A year ago – almost to the day – I sat in a wine bar in Sydney’s Surry Hills with Steve Hopkins. I’d been thinking about how to get Sphinx working on Heroku, and ran him through the basic idea in my head of how it could work. His first question was “So, what are you working on tomorrow, then?”

By the end of the following day, I had some idea of how it would work. Over the next few months I had a proof of concept working, hit some walls, began again, and finally got to a point where I could launch an alpha release of Flying Sphinx.

In May, Flying Sphinx became available for all Heroku users – and earlier today (five months later), I received my monthly provider payment from Heroku, with the happy news that I’m now earning enough to cover all related ongoing expenses – things like AWS for the servers, Scalarium to manage them, and Tender for support.

Now, I’m not rolling in cash, and I’m certainly not earning enough through Flying Sphinx to pay rent, let alone be in a position to drop all client work and focus on Flying Sphinx full-time. That’s cool, either of those targets would be amazing.

And of course, money isn’t the be all and end all – even though this is a business, and I certainly don’t want to run at a loss.
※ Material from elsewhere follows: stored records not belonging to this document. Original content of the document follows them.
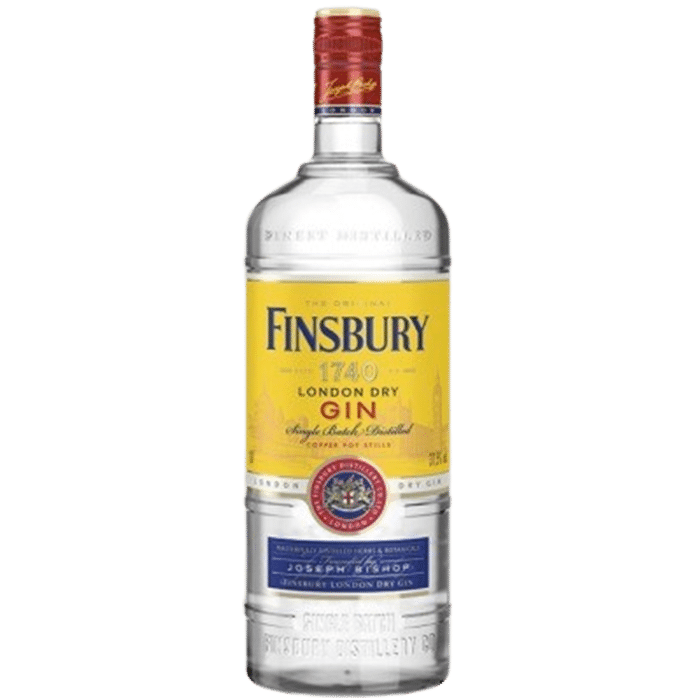 Finsbury Londry Dry Gin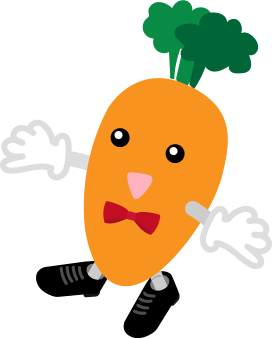 にんじん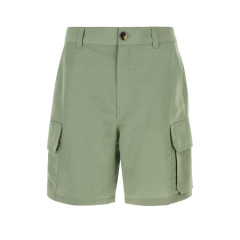[LOEWE PAULA'S IBIZA] Shorts SS25 H616Y1AX11 SAGE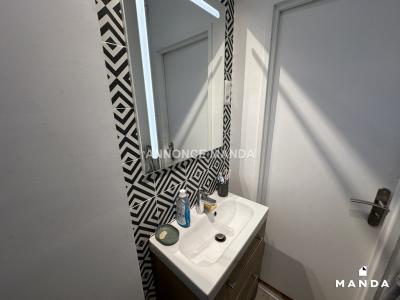 For rent Savigny-sur-orge 6 rooms 12 m2 Essonne (91600) photo 4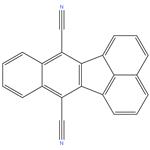 Benzo[k]Fluoranthene-7,12-Dicarbonitrile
I want Flying Sphinx to be sustainable – in that it covers not only the hosting costs, but my time as well, along with supporting the broader system around it – code, people and beyond.

But what does a sustainable web service look like, particularly beyond the standard (outmoded) financial axis?

Sustainable Time

Firstly (and selfishly), it should cover the time spent maintaining and expanding the service. Flying Sphinx doesn’t use up a huge amount of my time right at the moment, but I’m definitely keen to improve a few things (in particular, offer Sphinx 2.0.1 alongside the existing 1.10-beta installation), and there is the occasional support query to deal with.

This one’s relatively straight-forward, really – I can track all time spent on Flying Sphinx and multiply that by a decent hourly rate. If it turns out I can’t manage all the work myself, then I pay someone else to help.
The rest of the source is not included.